Work required:
Could you print the stretch of lines below from the one with "A multi-story building" through the one with "Woman convincing man", exactly as they stand and without any pictures?

Source data:

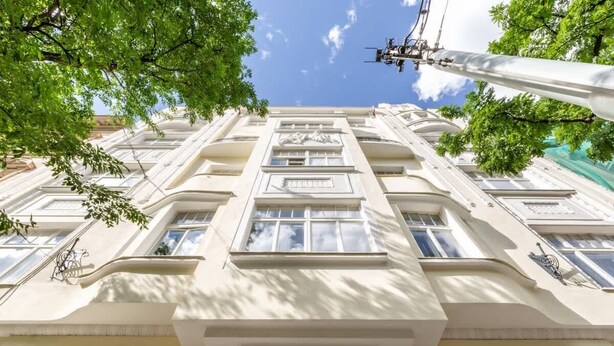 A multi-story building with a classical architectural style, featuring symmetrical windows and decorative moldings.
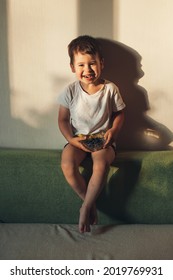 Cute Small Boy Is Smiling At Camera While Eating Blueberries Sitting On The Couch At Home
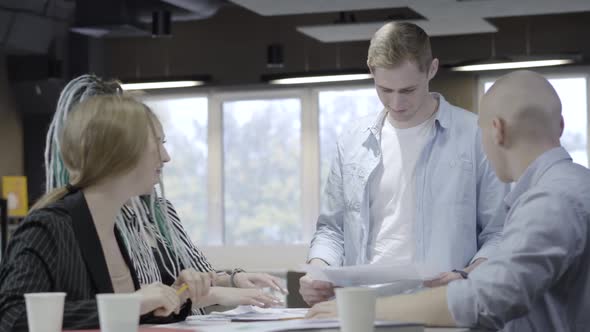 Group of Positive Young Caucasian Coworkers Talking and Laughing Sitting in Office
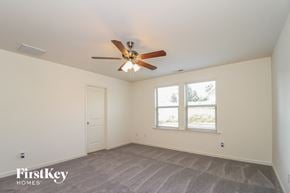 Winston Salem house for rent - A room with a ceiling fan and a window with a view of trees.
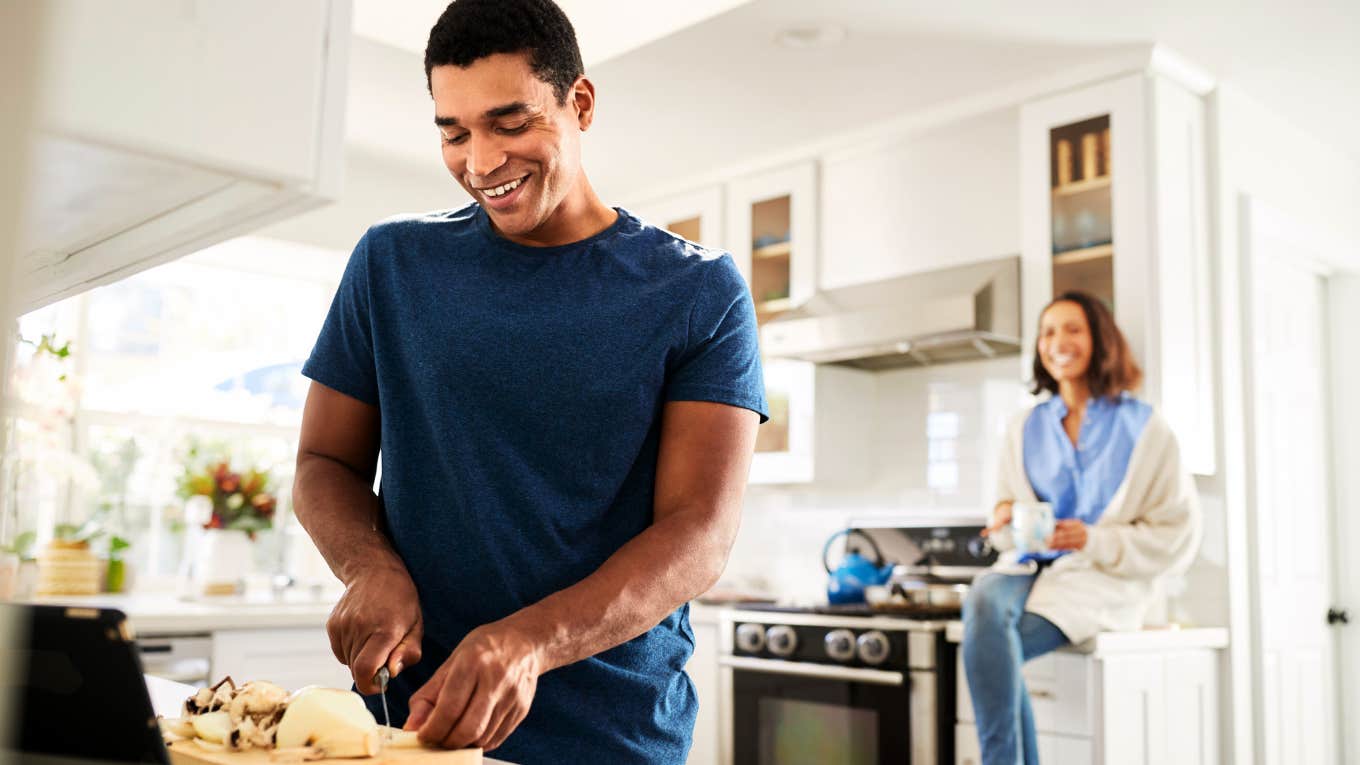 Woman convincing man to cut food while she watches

---

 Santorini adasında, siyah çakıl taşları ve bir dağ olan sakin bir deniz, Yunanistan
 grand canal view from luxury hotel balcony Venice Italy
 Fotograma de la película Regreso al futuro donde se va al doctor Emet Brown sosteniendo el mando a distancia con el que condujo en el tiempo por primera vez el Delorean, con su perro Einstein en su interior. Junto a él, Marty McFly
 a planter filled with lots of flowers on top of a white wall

Expected answer:
 A multi-story building with a classical architectural style, featuring symmetrical windows and decorative moldings.
 Cute Small Boy Is Smiling At Camera While Eating Blueberries Sitting On The Couch At Home
 Group of Positive Young Caucasian Coworkers Talking and Laughing Sitting in Office
 Winston Salem house for rent - A room with a ceiling fan and a window with a view of trees.
 Woman convincing man to cut food while she watches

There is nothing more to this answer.